→ **TASK STATEMENT**: Return all of the listing word for word; the pictures stay out.

→ **EXTRACTED ENTRIES**:
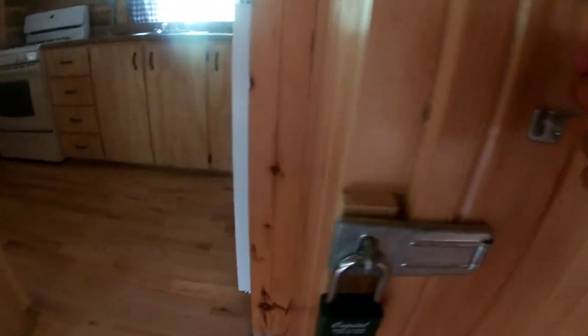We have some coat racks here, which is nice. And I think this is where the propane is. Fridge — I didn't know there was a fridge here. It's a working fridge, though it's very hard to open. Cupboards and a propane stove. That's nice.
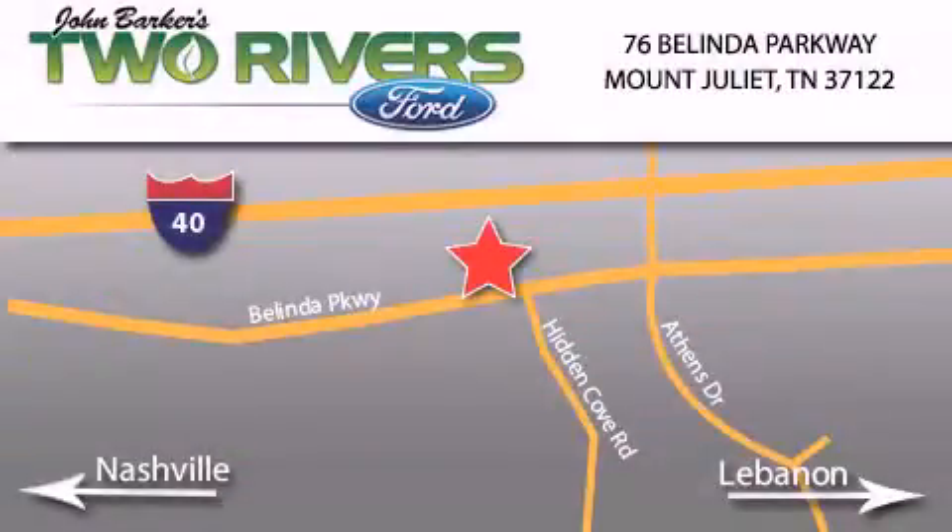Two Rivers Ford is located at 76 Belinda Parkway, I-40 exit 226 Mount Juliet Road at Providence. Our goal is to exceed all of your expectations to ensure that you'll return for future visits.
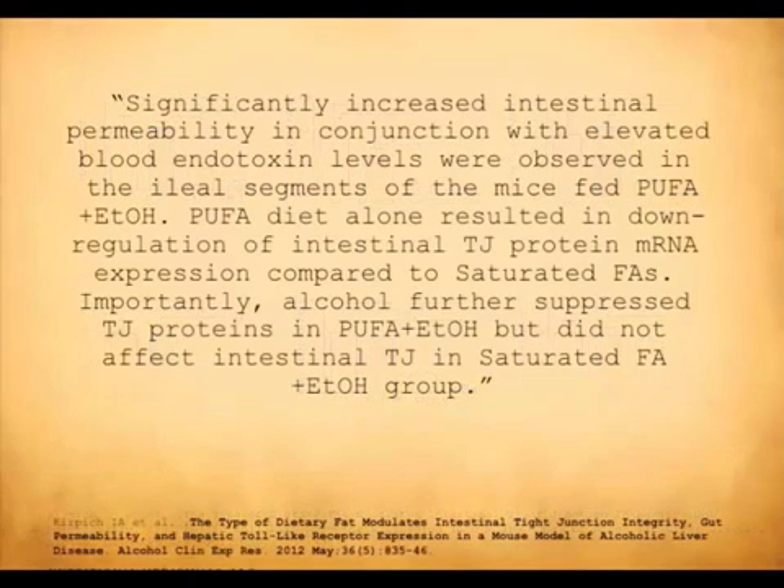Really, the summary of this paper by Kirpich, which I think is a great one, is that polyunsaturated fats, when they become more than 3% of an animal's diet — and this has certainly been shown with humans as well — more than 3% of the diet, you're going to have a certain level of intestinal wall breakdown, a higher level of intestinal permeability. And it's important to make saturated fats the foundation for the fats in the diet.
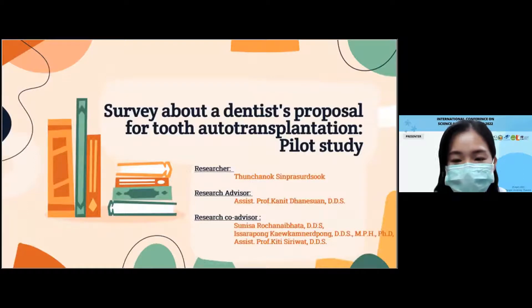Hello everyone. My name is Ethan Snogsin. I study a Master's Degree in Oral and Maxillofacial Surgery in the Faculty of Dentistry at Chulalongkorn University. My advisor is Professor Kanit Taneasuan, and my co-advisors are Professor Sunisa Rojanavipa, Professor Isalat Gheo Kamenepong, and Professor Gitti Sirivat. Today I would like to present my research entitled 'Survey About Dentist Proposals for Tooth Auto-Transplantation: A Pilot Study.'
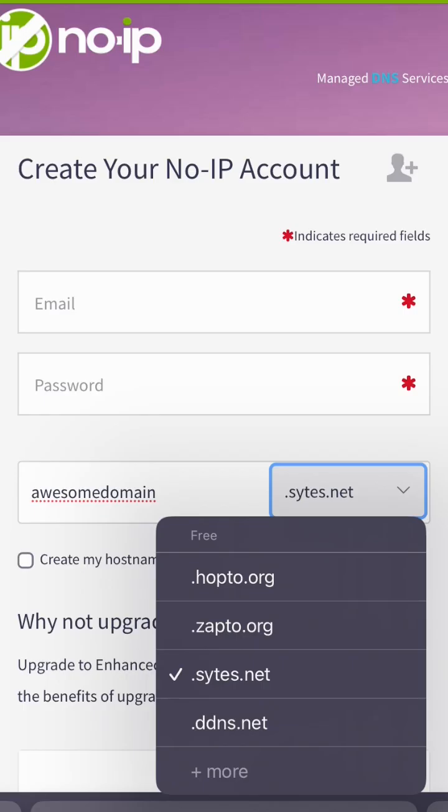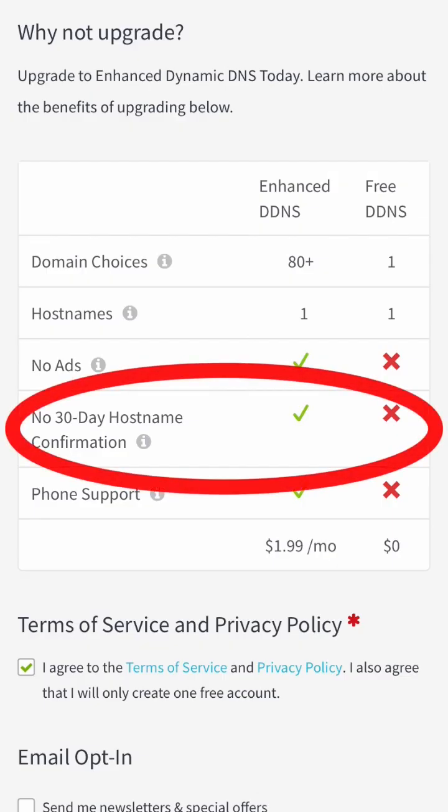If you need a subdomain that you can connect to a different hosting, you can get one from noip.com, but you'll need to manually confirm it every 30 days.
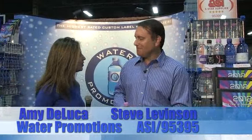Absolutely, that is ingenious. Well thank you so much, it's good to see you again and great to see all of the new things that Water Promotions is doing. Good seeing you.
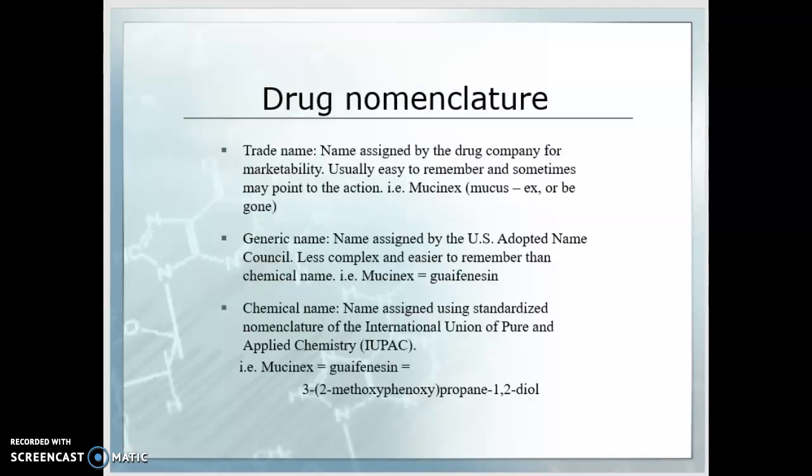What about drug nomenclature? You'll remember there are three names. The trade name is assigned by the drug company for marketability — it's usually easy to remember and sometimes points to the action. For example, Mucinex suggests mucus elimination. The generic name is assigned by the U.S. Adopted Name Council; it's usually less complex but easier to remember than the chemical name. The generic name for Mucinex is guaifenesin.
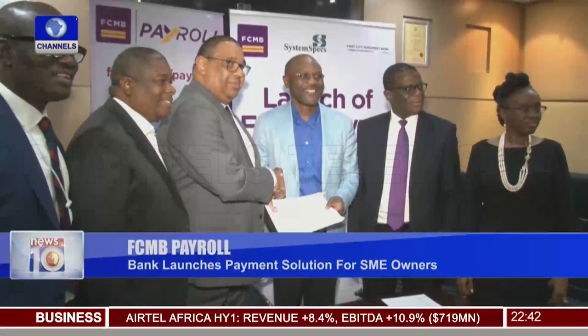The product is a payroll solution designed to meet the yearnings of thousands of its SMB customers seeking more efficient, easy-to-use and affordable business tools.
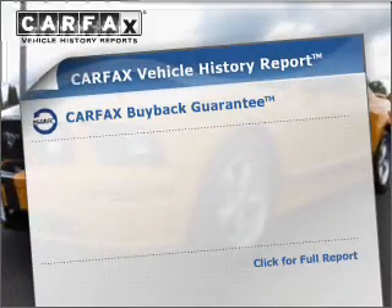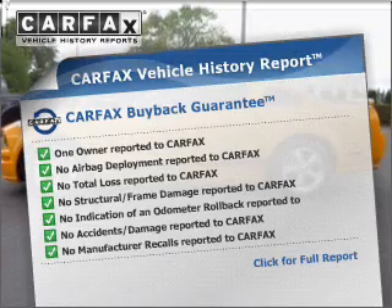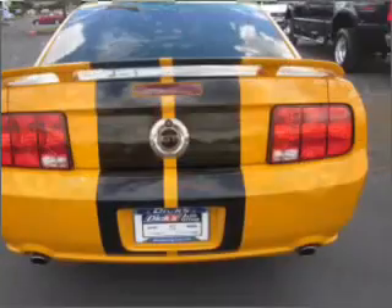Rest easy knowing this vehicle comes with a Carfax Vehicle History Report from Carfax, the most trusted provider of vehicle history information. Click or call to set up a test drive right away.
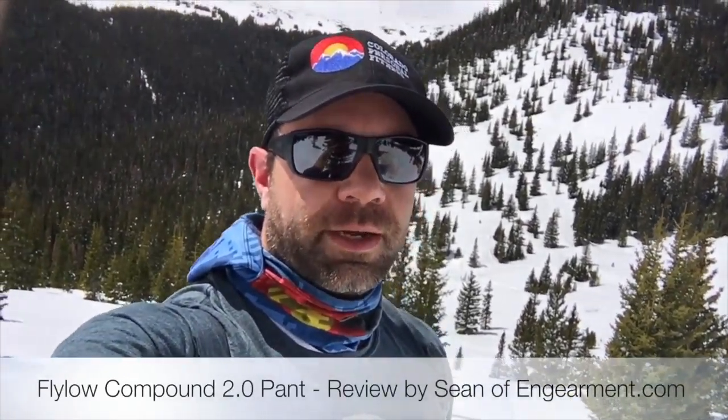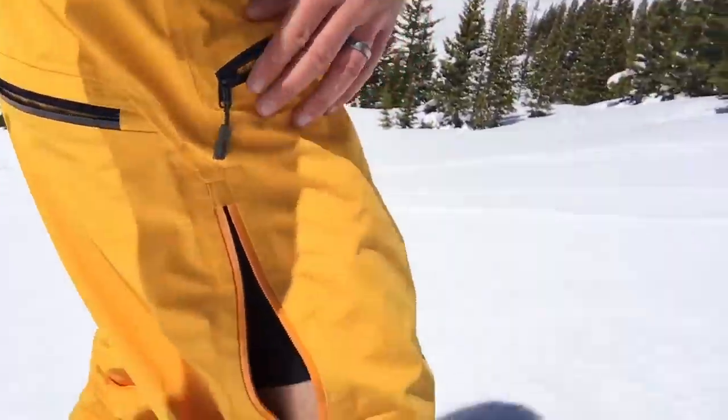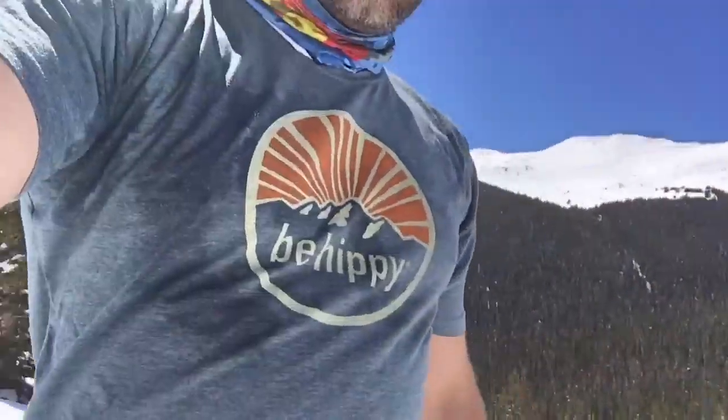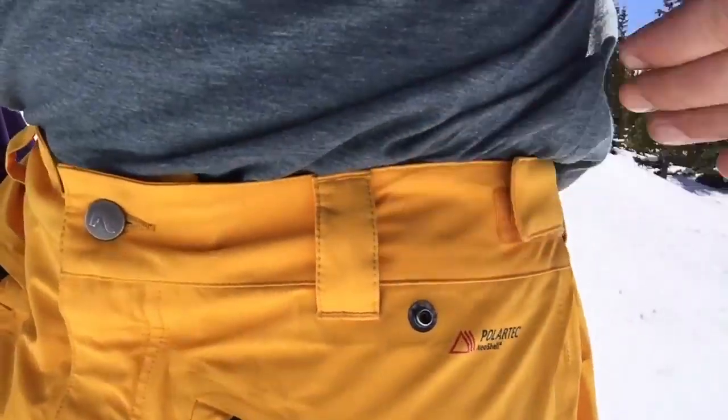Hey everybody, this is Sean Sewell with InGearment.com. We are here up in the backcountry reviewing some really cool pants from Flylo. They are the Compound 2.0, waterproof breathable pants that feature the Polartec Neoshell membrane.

→ **THE ANSWER**:
We have some coat racks here, which is nice. And I think this is where the propane is. Fridge — I didn't know there was a fridge here. It's a working fridge, though it's very hard to open. Cupboards and a propane stove. That's nice.
Two Rivers Ford is located at 76 Belinda Parkway, I-40 exit 226 Mount Juliet Road at Providence. Our goal is to exceed all of your expectations to ensure that you'll return for future visits.
Really, the summary of this paper by Kirpich, which I think is a great one, is that polyunsaturated fats, when they become more than 3% of an animal's diet — and this has certainly been shown with humans as well — more than 3% of the diet, you're going to have a certain level of intestinal wall breakdown, a higher level of intestinal permeability. And it's important to make saturated fats the foundation for the fats in the diet.
Hello everyone. My name is Ethan Snogsin. I study a Master's Degree in Oral and Maxillofacial Surgery in the Faculty of Dentistry at Chulalongkorn University. My advisor is Professor Kanit Taneasuan, and my co-advisors are Professor Sunisa Rojanavipa, Professor Isalat Gheo Kamenepong, and Professor Gitti Sirivat. Today I would like to present my research entitled 'Survey About Dentist Proposals for Tooth Auto-Transplantation: A Pilot Study.'
If you need a subdomain that you can connect to a different hosting, you can get one from noip.com, but you'll need to manually confirm it every 30 days.
Absolutely, that is ingenious. Well thank you so much, it's good to see you again and great to see all of the new things that Water Promotions is doing. Good seeing you.
What about drug nomenclature? You'll remember there are three names. The trade name is assigned by the drug company for marketability — it's usually easy to remember and sometimes points to the action. For example, Mucinex suggests mucus elimination. The generic name is assigned by the U.S. Adopted Name Council; it's usually less complex but easier to remember than the chemical name. The generic name for Mucinex is guaifenesin.
The product is a payroll solution designed to meet the yearnings of thousands of its SMB customers seeking more efficient, easy-to-use and affordable business tools.
Rest easy knowing this vehicle comes with a Carfax Vehicle History Report from Carfax, the most trusted provider of vehicle history information. Click or call to set up a test drive right away.
Hey everybody, this is Sean Sewell with InGearment.com. We are here up in the backcountry reviewing some really cool pants from Flylo. They are the Compound 2.0, waterproof breathable pants that feature the Polartec Neoshell membrane.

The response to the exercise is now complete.